André Chenet sait, à merveille, transcrire ses
états d’âme dans sa poésie. Sa vie est son plus
beau poème. (Michel Ostertag)
ANDRÉ CHENET : Solstices et équinoxes 1 Très
jeune, j'ai quitté ma famille où je ne me sentais plus
chez moi, avec seulement un sac de toile contenant quelques effets et
des poèmes. Je suis "monté à la grande ville",
j'ai pris son pouls, écumé ses labyrinthes et surpris ses
secrets avant de m'en aller au gré des courants de l'existence.
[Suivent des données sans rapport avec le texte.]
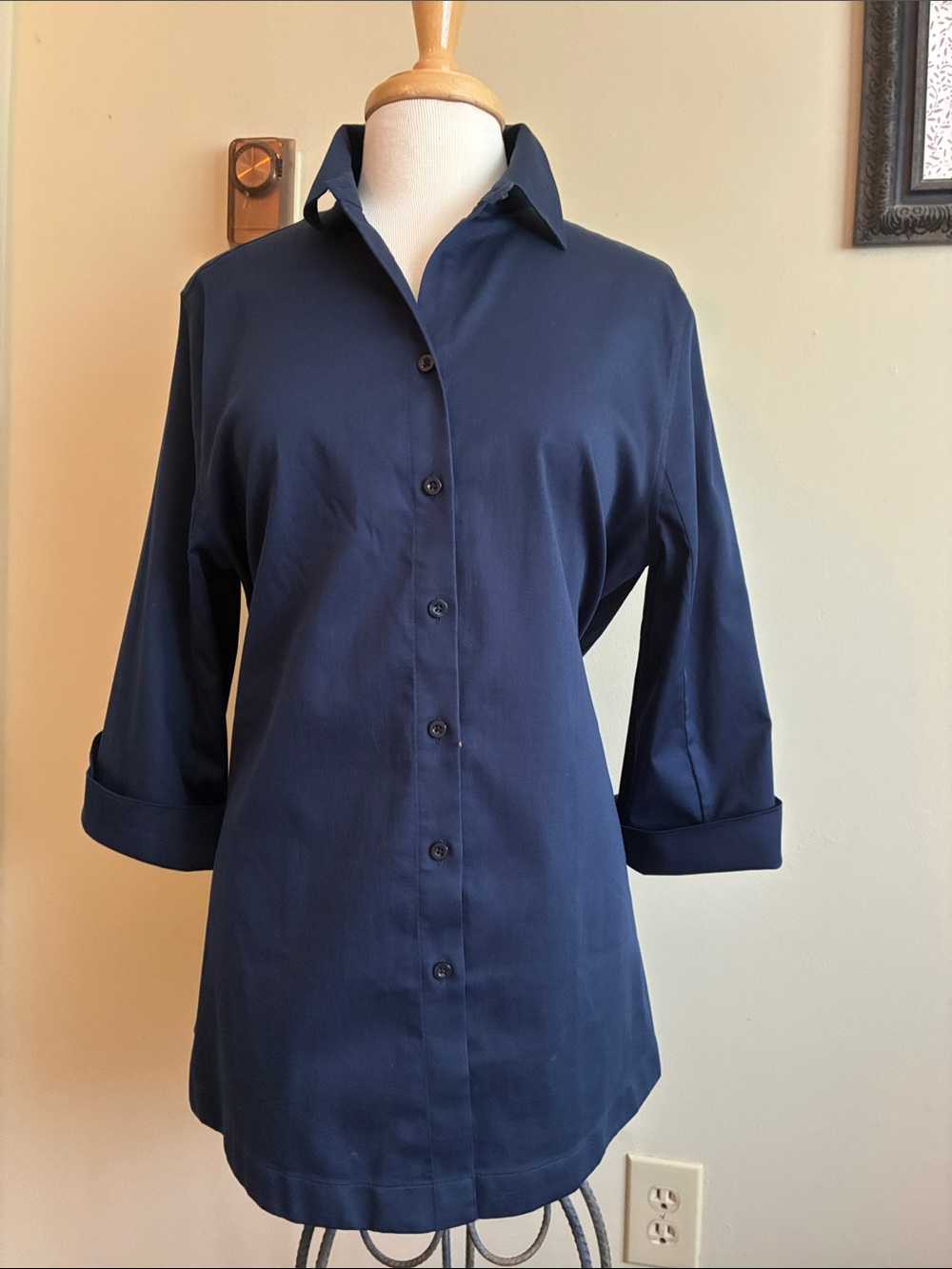 Chico's Navy Blue Tunic Top No iron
J'ai traversé les mers, regardé le soleil levant en
regardant droit dans son œil de cyclope fou jusqu'à en devenir
aveugle. Toujours avec un simple sac à l'épaule, j'ai
emprunté de tortueux chemins de traverse, franchi des
gués tumultueux et de hautes montagnes inconnues. J'ai
vécu avec les paysans et les sans-demeures. J'ai connu l'extase
des obscures tavernes, la volupté écrasante des femmes,
les gestes et les paroles légères de l'amitié.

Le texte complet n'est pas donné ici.